GIVEN DATA

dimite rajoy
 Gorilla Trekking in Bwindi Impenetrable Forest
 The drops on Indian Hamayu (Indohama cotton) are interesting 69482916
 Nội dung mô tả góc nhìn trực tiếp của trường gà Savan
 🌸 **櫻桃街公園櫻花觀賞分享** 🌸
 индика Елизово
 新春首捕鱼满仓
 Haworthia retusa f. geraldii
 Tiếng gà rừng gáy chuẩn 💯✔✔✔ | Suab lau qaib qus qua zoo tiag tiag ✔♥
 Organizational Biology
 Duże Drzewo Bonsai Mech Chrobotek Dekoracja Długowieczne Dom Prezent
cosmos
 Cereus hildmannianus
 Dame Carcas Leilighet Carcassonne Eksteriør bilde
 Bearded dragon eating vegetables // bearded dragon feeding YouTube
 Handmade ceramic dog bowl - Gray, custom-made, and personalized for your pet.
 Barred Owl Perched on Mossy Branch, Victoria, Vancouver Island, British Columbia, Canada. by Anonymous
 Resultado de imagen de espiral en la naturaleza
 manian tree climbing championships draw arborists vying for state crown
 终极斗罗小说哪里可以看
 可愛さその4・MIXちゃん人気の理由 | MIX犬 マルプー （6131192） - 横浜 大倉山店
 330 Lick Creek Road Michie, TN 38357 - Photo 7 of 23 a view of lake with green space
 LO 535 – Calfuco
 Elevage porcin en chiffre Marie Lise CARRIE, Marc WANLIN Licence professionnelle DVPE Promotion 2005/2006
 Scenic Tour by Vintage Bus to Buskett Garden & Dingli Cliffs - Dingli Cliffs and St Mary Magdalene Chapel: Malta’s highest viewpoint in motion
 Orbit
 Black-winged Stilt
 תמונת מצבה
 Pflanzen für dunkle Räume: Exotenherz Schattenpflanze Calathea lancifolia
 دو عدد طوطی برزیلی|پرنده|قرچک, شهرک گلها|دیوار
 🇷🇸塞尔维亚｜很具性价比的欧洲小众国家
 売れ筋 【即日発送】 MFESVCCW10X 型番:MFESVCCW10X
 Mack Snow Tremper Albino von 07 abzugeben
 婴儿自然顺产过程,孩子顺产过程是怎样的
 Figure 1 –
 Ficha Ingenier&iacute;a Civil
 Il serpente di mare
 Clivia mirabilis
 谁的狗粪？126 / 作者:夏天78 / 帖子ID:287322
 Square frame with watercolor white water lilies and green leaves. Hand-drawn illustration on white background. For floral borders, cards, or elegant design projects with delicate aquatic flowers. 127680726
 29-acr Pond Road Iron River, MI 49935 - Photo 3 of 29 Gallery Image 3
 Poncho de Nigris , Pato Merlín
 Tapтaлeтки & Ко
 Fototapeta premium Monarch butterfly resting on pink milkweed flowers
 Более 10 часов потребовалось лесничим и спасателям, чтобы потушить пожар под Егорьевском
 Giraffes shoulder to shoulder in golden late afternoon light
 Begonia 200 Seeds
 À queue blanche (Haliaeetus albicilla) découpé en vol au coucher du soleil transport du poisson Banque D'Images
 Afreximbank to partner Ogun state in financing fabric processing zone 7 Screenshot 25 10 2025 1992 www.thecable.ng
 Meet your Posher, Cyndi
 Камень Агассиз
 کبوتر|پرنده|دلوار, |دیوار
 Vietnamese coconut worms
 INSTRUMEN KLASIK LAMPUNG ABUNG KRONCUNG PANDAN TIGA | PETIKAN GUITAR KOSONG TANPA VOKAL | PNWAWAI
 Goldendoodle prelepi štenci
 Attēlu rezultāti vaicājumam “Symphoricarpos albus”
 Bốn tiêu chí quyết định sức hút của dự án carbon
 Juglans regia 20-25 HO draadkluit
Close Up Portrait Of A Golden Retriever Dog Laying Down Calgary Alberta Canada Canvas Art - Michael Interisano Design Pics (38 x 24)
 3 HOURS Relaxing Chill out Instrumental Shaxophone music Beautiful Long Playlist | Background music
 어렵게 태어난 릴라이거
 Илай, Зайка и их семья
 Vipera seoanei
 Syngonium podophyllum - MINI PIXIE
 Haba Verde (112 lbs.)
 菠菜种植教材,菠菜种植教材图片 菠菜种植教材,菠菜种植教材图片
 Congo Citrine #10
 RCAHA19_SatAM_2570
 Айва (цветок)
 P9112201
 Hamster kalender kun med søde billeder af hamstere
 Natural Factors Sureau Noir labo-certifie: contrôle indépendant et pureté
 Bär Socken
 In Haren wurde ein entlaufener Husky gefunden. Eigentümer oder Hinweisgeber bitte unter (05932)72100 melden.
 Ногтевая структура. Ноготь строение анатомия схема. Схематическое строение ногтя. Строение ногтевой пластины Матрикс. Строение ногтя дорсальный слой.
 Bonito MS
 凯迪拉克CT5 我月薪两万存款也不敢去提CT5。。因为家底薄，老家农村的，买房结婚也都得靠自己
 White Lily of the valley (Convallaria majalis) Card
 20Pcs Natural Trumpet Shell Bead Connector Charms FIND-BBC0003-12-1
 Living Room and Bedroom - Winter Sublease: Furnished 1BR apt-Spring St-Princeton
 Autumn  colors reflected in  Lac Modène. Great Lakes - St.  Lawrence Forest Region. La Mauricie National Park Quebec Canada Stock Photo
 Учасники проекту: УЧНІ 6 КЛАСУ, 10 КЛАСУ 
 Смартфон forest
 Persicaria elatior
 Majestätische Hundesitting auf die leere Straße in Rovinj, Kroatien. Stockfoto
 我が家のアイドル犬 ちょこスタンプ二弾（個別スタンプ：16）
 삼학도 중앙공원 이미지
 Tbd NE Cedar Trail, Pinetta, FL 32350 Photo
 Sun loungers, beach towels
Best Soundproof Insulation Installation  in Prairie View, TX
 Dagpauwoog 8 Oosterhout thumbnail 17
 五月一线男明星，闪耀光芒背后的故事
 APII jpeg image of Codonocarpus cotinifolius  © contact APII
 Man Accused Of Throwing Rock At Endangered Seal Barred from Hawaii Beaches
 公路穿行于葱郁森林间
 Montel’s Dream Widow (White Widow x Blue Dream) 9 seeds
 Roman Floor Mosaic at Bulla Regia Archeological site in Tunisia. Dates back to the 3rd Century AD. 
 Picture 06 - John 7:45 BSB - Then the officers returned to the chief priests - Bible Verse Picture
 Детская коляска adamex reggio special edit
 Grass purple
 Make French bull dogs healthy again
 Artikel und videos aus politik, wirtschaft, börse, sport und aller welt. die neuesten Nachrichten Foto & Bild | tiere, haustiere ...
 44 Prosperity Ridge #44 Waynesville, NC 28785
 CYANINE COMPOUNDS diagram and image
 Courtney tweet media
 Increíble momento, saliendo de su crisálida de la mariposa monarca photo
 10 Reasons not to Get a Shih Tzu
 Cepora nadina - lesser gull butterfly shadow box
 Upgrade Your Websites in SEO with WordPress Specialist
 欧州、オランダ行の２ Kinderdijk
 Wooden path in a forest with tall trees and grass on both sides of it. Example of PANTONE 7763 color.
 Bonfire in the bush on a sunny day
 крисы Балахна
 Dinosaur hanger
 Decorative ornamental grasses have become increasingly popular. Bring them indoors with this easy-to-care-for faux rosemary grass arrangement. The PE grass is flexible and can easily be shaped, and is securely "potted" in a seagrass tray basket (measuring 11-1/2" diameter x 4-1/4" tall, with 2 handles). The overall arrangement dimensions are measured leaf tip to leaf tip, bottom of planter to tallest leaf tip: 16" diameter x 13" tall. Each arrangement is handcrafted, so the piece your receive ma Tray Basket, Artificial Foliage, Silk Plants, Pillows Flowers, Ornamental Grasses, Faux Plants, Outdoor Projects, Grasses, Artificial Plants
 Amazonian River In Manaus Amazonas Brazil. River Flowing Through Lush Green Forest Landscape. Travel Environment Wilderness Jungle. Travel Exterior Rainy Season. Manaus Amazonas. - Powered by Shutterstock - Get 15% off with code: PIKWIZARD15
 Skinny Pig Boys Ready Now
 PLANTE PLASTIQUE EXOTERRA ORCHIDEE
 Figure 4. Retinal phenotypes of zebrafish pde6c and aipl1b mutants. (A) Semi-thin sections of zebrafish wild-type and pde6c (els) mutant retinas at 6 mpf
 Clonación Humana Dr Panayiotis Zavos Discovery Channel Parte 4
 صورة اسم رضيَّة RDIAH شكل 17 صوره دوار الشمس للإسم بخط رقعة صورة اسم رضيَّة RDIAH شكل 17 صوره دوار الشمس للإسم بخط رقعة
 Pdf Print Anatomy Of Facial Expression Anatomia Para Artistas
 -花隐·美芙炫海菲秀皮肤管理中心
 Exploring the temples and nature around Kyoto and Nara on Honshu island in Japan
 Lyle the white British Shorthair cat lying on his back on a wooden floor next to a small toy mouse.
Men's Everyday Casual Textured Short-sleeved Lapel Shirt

HOW TO COMPLETE THIS TASK
Only the lines from the first line of the material above through the line that contains "29-acr Pond Road" should be quoted, each one exactly.

FINAL ANSWER
dimite rajoy
 Gorilla Trekking in Bwindi Impenetrable Forest
 The drops on Indian Hamayu (Indohama cotton) are interesting 69482916
 Nội dung mô tả góc nhìn trực tiếp của trường gà Savan
 🌸 **櫻桃街公園櫻花觀賞分享** 🌸
 индика Елизово
 新春首捕鱼满仓
 Haworthia retusa f. geraldii
 Tiếng gà rừng gáy chuẩn 💯✔✔✔ | Suab lau qaib qus qua zoo tiag tiag ✔♥
 Organizational Biology
 Duże Drzewo Bonsai Mech Chrobotek Dekoracja Długowieczne Dom Prezent
cosmos
 Cereus hildmannianus
 Dame Carcas Leilighet Carcassonne Eksteriør bilde
 Bearded dragon eating vegetables // bearded dragon feeding YouTube
 Handmade ceramic dog bowl - Gray, custom-made, and personalized for your pet.
 Barred Owl Perched on Mossy Branch, Victoria, Vancouver Island, British Columbia, Canada. by Anonymous
 Resultado de imagen de espiral en la naturaleza
 manian tree climbing championships draw arborists vying for state crown
 终极斗罗小说哪里可以看
 可愛さその4・MIXちゃん人気の理由 | MIX犬 マルプー （6131192） - 横浜 大倉山店
 330 Lick Creek Road Michie, TN 38357 - Photo 7 of 23 a view of lake with green space
 LO 535 – Calfuco
 Elevage porcin en chiffre Marie Lise CARRIE, Marc WANLIN Licence professionnelle DVPE Promotion 2005/2006
 Scenic Tour by Vintage Bus to Buskett Garden & Dingli Cliffs - Dingli Cliffs and St Mary Magdalene Chapel: Malta’s highest viewpoint in motion
 Orbit
 Black-winged Stilt
 תמונת מצבה
 Pflanzen für dunkle Räume: Exotenherz Schattenpflanze Calathea lancifolia
 دو عدد طوطی برزیلی|پرنده|قرچک, شهرک گلها|دیوار
 🇷🇸塞尔维亚｜很具性价比的欧洲小众国家
 売れ筋 【即日発送】 MFESVCCW10X 型番:MFESVCCW10X
 Mack Snow Tremper Albino von 07 abzugeben
 婴儿自然顺产过程,孩子顺产过程是怎样的
 Figure 1 –
 Ficha Ingenier&iacute;a Civil
 Il serpente di mare
 Clivia mirabilis
 谁的狗粪？126 / 作者:夏天78 / 帖子ID:287322
 Square frame with watercolor white water lilies and green leaves. Hand-drawn illustration on white background. For floral borders, cards, or elegant design projects with delicate aquatic flowers. 127680726
 29-acr Pond Road Iron River, MI 49935 - Photo 3 of 29 Gallery Image 3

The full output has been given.